Blue Mountain Coffee re-emerging in the global market
KINGSTON, Jamaica – Coffee lovers at home will join coffee-crazy Japanese fans of the beverage today in celebrating what is now the annual Jamaica Blue Mountain (JBM) Coffee Day.
The event had its birth last year on January 9, when the Jamaica Coffee Exporters Association (JCEA) teamed with the Association of Japanese Importers of Jamaican Coffee to introduce the event in both Japan and Jamaica.
This year the event, which is expected to become an annual homage to what has become probably the world’s most drinkable hot beverage, will focus on the home of the most celebrated brand which although falling on hard export times over the past decade, is again teeming with the rustic flavour of Jamaica’s longest and highest range, the Blue Mountains.
The range spans four parishes – Portland, St Thomas, St Mary and St Andrew – and the coffee delivers a special flavoured taste of the region.
Blue Mountain Coffee , probably the most famous brand in the world, is cultivated between 0.6 kilometres (0.37 mi) and 1.5 kilometres (0.93 mi) above sea level, retaining a historic past which dates back the days of slavery and recalling the contemporary communities of the Windward Jamaican Maroons.
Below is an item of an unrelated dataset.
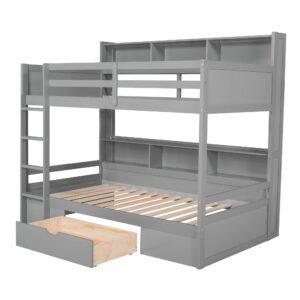 Polibi Twin Over Twin Bunk Bed with Built-in Shelves Beside Both Upper and Down Bed and Storage Drawer, Twin Size Wooden Bunk Bed with Guardrails and Ladder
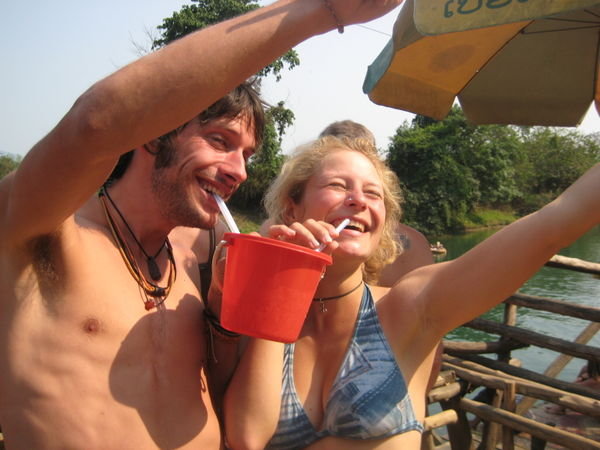 Scott and Anny enjoying bucke whilst tubing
Today’s celebrations are being led by the much more recently established JCEA, led by the former president of the Jamaica Agricultural Society (JAS) and former senator Norman Grant, and the lately created Jamaica Agricultural Commodity Regulatory Authority, supported by JAMPRO.
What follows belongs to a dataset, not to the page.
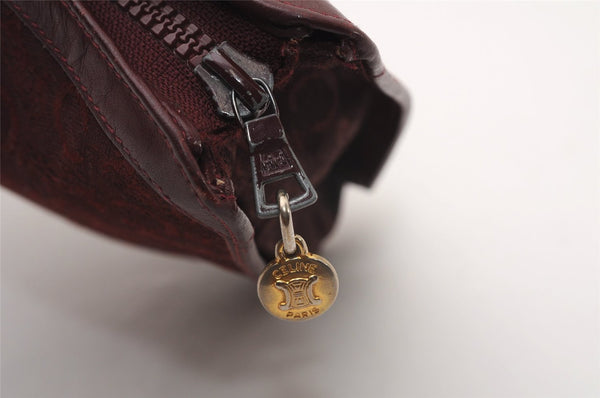 Authentic CELINE C Horse Carriage Clutch Hand Bag Canvas Leather Bordeaux K4569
According to Grant, the start of the new decade offers a vision of increasing local production of quality JBM at a sustainable price to all stakeholders, including the farmers.
He noted that local production has fallen since the 1980s-2000s when it climbed as high as between 30 and 47 million pounds per annum, to the decline in the current decade to as low as 24 million pounds, reflecting a more than 30 per cent reduction.
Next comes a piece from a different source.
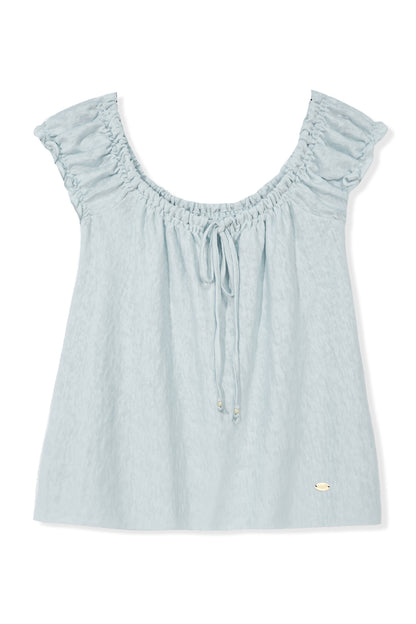 Snowflake Cotton Short-Sleeve Babydoll Top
“(This is) a decline from an estimated US$600 million in the last decade, to an estimated $300 million at the close of this decade, and we must aim to regain lost ground in our production and then begin to grow in keeping with at least the global trend of 5.5 per cent growth per annum,” Grant said.
The history of the Jamaica-Japan relationship dates dates back to 1953 with the Mavis Bank Coffee Factory exporting the first three barrels of coffee directly to Japan from Jamaica. Subsequently, on January 9, 1967, the largest shipment of 1,400 bags (up to that time) left the ports of Kingston destined for Japan.
Grant said that the Japanese market over the last 66 years has grown to become the primary importers and consumers of Jamaica Blue Mountain Coffee, purchasing approximately 70 per cent of local exports. The United States imports 20 per cent, and there are growing markets in China and Europe which are responsible for the other 10 per cent.
“Our strategy, in the celebration of Jamaica Blue Mountain Coffee Day, is to continue to develop and expand the Jamaica Blue Mountain Coffee globally as a premium brand, supporting all our stakeholders, including the over 5,000 coffee farmers and 102,000 coffee farming families, exporters and customers in a sustainable manner,” Grant said.